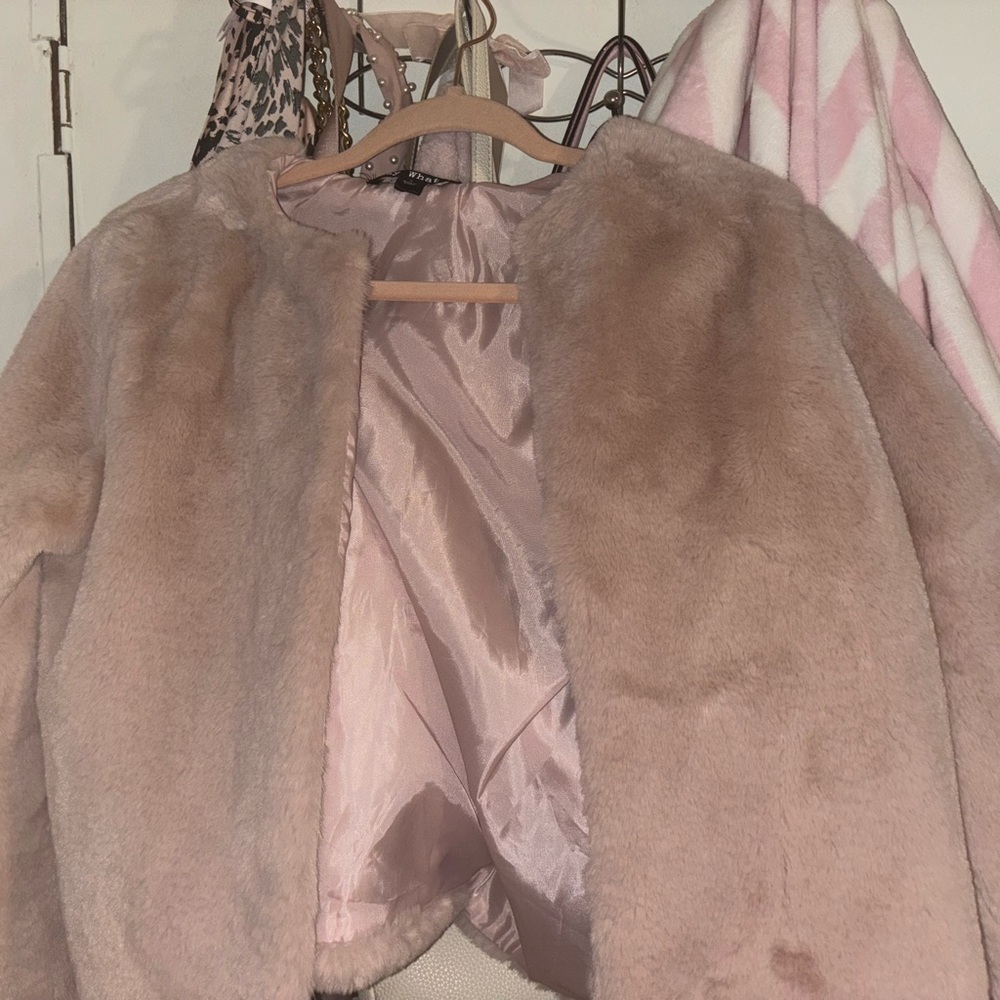 Elegant Faux Fur Jacket in Soft Pink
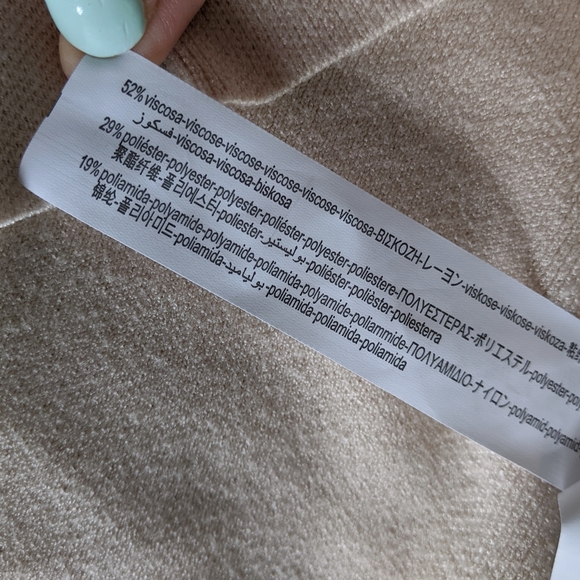 *DONATED* NWOT • Bershka • crop sweater - Picture 8 of 8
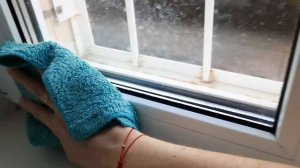 Как мыть ОКНА после зимы за 3 минуты, без спреев, газет и никаких разводов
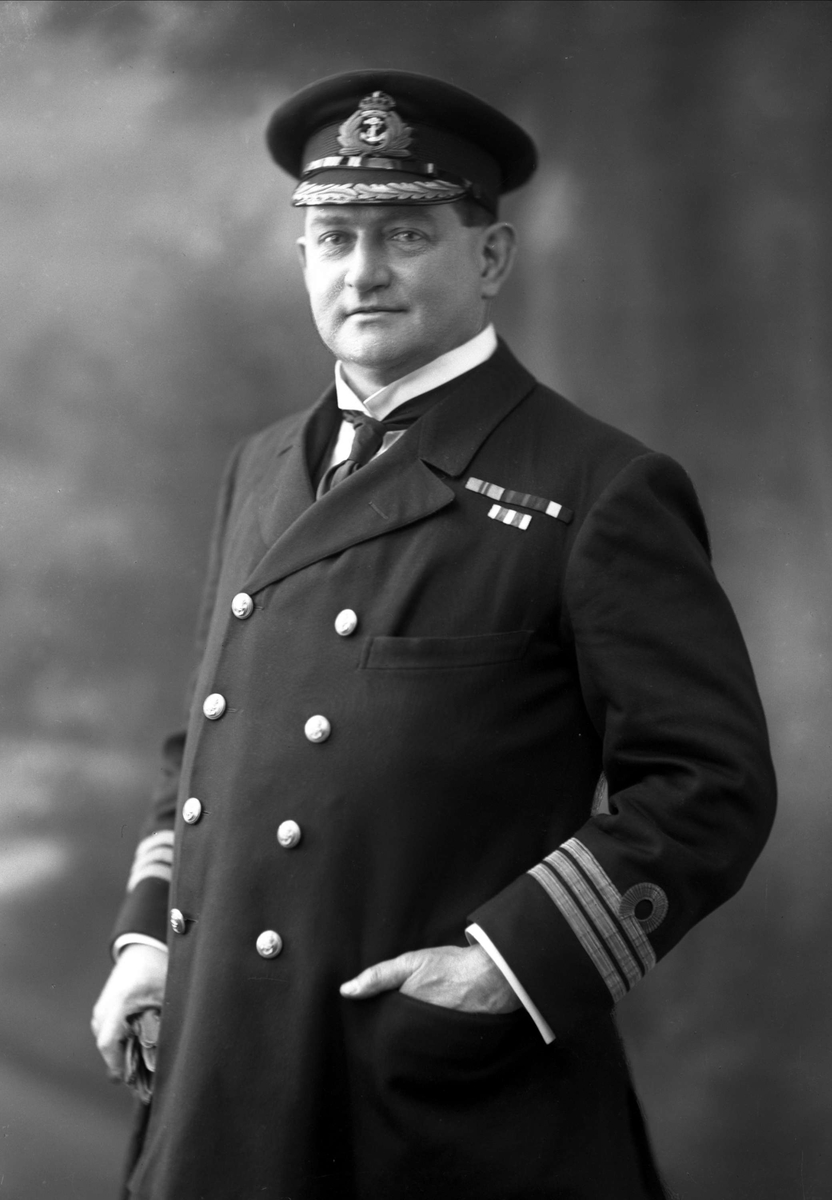 Gustav Borgen, Portrett, kommandør W G A Kennedy.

• **Task statement**
Skip every picture and transcribe the data above exactly.

• **Answer below**
 Elegant Faux Fur Jacket in Soft Pink
 *DONATED* NWOT • Bershka • crop sweater - Picture 8 of 8
 Как мыть ОКНА после зимы за 3 минуты, без спреев, газет и никаких разводов
 Gustav Borgen, Portrett, kommandør W G A Kennedy.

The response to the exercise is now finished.